Dalla metà degli anni ’80, grazie a una serie di associazioni, giungono in Italia
nei mesi estivi centinaia di bambini originari del Sahara Occidentale, che vivono
per il resto dell’anno nei campi profughi in Algeria. Appartengono al popolo dei Sahrawi,
le antiche tribù del deserto che, passato dal colonialismo spagnolo all'amministrazione
del Marocco, lotta da anni per l’indipendenza. Ai piccoli viene offerta la possibilità
di una vacanza fuori dai campi, assistenza sanitaria e l’occasione di parlare all’Europa
della loro drammatica condizione. A Roma, sono ospitati al Borgo Don Bosco.
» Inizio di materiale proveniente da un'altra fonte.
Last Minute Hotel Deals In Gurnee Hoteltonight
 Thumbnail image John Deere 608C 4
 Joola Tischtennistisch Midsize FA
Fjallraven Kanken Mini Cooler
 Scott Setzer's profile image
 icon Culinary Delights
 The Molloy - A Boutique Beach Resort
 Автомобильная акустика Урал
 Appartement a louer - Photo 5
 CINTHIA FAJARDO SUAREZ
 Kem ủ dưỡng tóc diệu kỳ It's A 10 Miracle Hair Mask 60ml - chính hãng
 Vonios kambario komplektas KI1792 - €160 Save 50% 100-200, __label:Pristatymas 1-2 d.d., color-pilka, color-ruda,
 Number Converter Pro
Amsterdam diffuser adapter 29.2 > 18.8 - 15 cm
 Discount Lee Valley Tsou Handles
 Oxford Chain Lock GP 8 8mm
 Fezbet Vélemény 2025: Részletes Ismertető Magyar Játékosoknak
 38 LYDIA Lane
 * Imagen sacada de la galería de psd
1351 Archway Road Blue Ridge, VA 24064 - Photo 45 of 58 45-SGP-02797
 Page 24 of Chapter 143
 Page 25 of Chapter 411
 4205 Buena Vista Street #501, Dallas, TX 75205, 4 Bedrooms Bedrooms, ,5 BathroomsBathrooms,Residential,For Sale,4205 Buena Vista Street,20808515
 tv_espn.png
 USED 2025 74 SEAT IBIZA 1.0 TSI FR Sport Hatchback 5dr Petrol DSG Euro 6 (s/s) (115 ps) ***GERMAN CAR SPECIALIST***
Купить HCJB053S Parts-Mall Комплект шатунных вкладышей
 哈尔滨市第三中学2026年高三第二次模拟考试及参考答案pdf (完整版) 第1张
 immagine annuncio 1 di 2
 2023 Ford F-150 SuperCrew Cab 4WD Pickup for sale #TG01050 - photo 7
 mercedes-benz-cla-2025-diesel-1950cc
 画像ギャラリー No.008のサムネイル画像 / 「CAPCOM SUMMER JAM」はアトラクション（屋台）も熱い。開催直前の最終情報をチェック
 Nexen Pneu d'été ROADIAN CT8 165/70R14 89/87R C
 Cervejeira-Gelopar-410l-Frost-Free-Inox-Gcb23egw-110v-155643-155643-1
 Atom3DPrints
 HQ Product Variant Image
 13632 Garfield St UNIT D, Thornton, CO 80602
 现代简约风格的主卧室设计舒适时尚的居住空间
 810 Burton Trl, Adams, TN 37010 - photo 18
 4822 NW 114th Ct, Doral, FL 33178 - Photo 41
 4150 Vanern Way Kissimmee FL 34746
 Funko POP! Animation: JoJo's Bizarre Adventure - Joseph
Ma sentiamo
Luca Attanasio:
Ottobre 2010,
oltre 20 mila persone, in gran parte giovani, donne, bambini, piantano 80 tende a
Gdeim Izik nei pressi di El Aiun, la capitale dei territori occupati dal Marocco:
chiedono pane e rispetto. Per molti osservatori sono proprio quei ragazzi del Sahara
Occidentale a innescare la miccia che di lì a poco incendierà tutto il Nordafrica
e il Medio Oriente. I Sahrawi - il popolo del deserto, che non riesce a diventare
Stato, nascosti dietro il muro più lungo del mondo, 2.700 km, o ammassati nei campi
profughi a Tindouf in Algeria - attendono da venti anni che si svolga il referendum
approvato dall’Onu sull’autodeterminazione. Sidahmed Bachir,
un giovane sahrawi da molti anni in Italia:
“Il mio popolo soffre al
centro del deserto dell’Algeria e quei pochi che vivono nei territori occupati sono
soggetti a maltrattamenti da parte delle autorità marocchine e non hanno assolutamente
possibilità di sfruttare le risorse ricchissime del territorio”.
Per
fargli passare un’estate serena e sana ma anche far conoscere al nostro Paese la loro
triste sorte molte associazioni italiane accolgono su tutto il territorio 300 bambini
sahrawi. Marco Ciccotelli responsabile di “Sahara Libre”:
“Quest’anno
sono arrivati 40 disabili e 30 celiaci. Durante questa prima settimana abbiamo fatto
le visite mediche. Negli anni ci hanno colpito molte cose di questi bambini: sono
educati, rispettosi e ansiosi di far conoscere la propria cultura con balli, canti…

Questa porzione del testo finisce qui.